• **Task item**:
The output should be the listing below, limited to the lines from the one with "an empty kitchen" through the one with "May include: A", exact and without pictures.

• **Recorded information**:
━━━━━━━━━━━━━━━━━━━━━━━━━━━━━━
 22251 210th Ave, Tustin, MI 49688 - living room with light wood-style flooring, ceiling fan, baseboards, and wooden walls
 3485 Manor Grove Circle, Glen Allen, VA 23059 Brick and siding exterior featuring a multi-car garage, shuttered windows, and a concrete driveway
━━━━━━━━━━━━━━━━━━━━━━━━━━━━━━
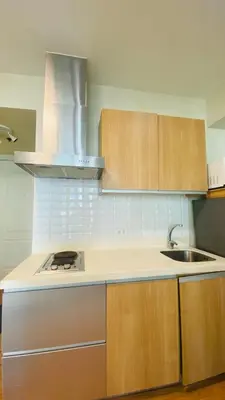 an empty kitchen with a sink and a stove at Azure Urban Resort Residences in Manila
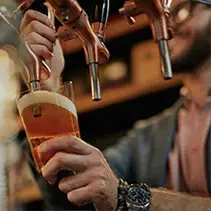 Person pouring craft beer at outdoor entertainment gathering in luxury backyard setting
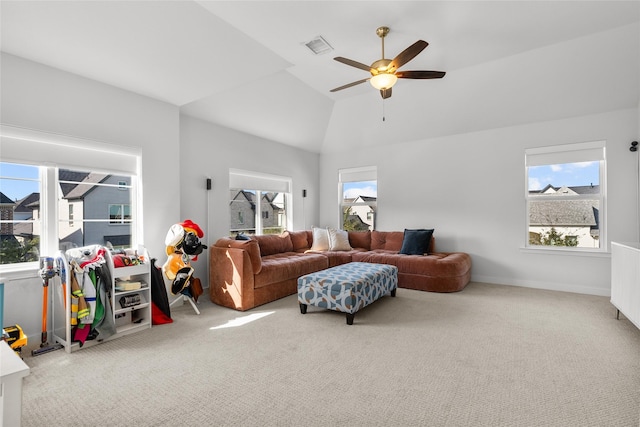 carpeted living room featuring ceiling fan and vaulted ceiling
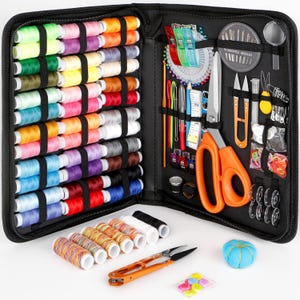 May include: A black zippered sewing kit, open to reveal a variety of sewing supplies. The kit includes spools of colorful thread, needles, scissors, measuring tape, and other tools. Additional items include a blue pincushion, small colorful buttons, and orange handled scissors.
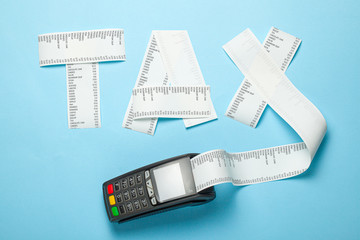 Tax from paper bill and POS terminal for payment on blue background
━━━━━━━━━━━━━━━━━━━━━━━━━━━━━━
• **Written solution**:
 an empty kitchen with a sink and a stove at Azure Urban Resort Residences in Manila
 Person pouring craft beer at outdoor entertainment gathering in luxury backyard setting
 carpeted living room featuring ceiling fan and vaulted ceiling
 May include: A black zippered sewing kit, open to reveal a variety of sewing supplies. The kit includes spools of colorful thread, needles, scissors, measuring tape, and other tools. Additional items include a blue pincushion, small colorful buttons, and orange handled scissors.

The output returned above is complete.